The documentary's strength is the moments of recognition: We see Latifa striving to upload photos to Facebook, and that she is trying to keep track of her son while in the store.

Wala's brother, Mohammad, is as vocal in tone as his big sister: "When I grow up, I want to be like my cousin." We are told that the cousin is in prison for throwing stones at Israeli soldiers. The attitude becomes a self-fulfilling prophecy – Mohammad is arrested and subjected to violence by a soldier. Walaa fails to intervene and thus triggers this fatal, dangerous, which has been lying around all the time. This is where the movie resembles a classic tragedy. Everything has been notified, and the heroine apparently proudly fought before she blindsided straight into the disaster. Isn't this exactly the essence of history, expressing the paradox and pain of the many dark fates of Balata? Walaa wandered effortlessly through narrow alleys and committed various mobs with the youth's hybris. As an adult, she does not escape long.

The strength of the documentary is the moments of recognition.

Unfortunately, the film fails to go into depth when Walaa gets through the most.
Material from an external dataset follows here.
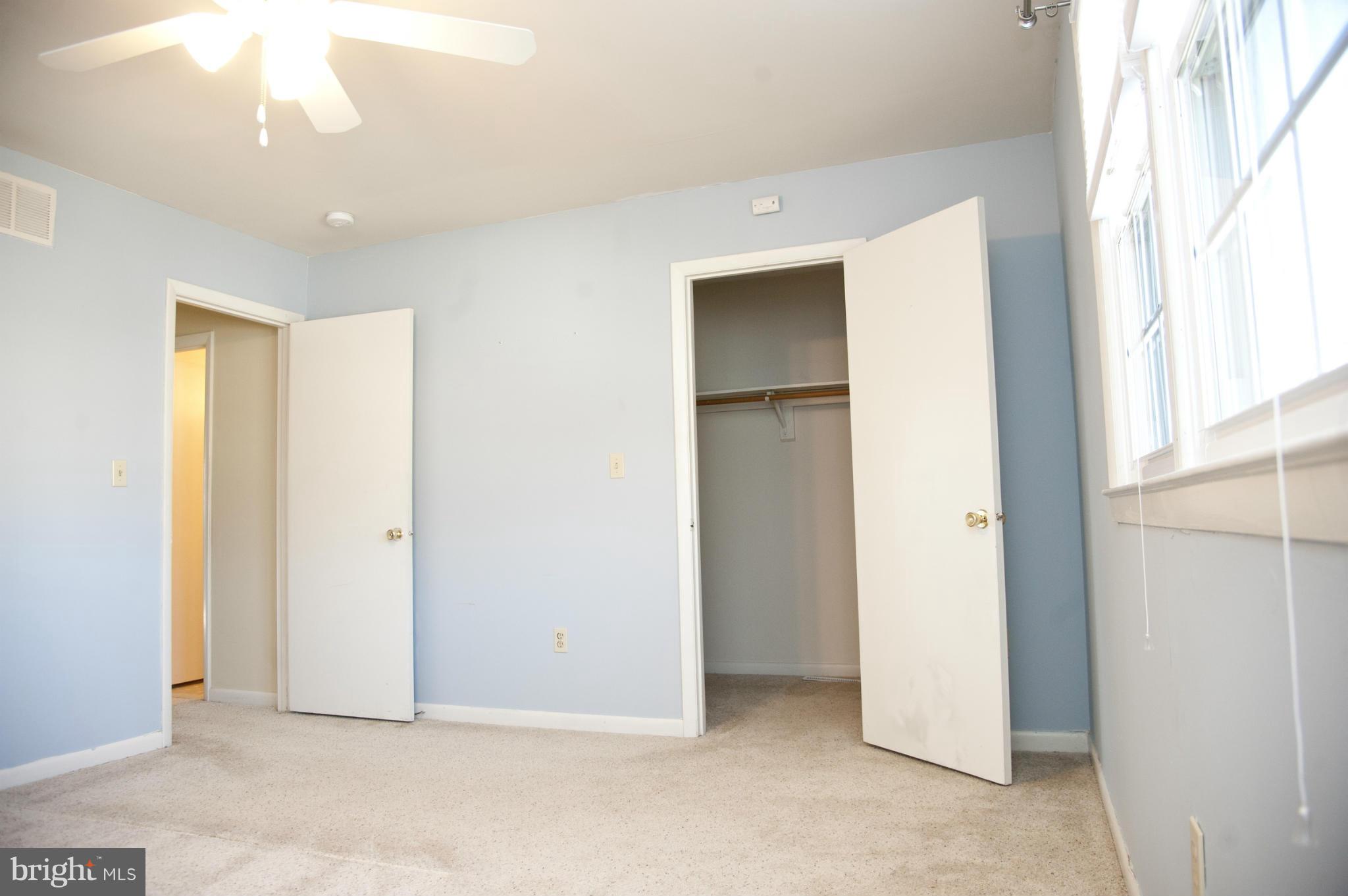 1605 Bishop Road Edgewater, MD 21037 - Photo 8 of 25 Master with walk in closet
Why is the documentary so heavy-weighted all the trouble she put in during the tough training at the police school? Credibility is slipping. Walla's predictable and provocative behavior should have resulted in eviction or harsher punishment. Is it the camera's presence that makes her stay? The suspicion is also growing that the rapist has manifested himself more in the face of the camera.

Walla's new status as a police officer conflicts with the family's expectations of loyalty. Here the scenes are scarce, and it is sub-narrated. At the same time, the depth and familiarity of the confrontation between mother and daughter are missing at the end of the film. Mother Latifa also has her own significant character journey, and as a catalyst and value model for the others in the family, with her new conviction of nonviolent methods, gives double hope for hope.


The film will be shown March 21 and 24 below Arab movie days.



(You can also read and follow Cinepolitical, our editor Truls Lie's comments on X.)


Ellen Lande
Ellen Lande
Lande is a film writer and director and a regular writer for Ny Tid.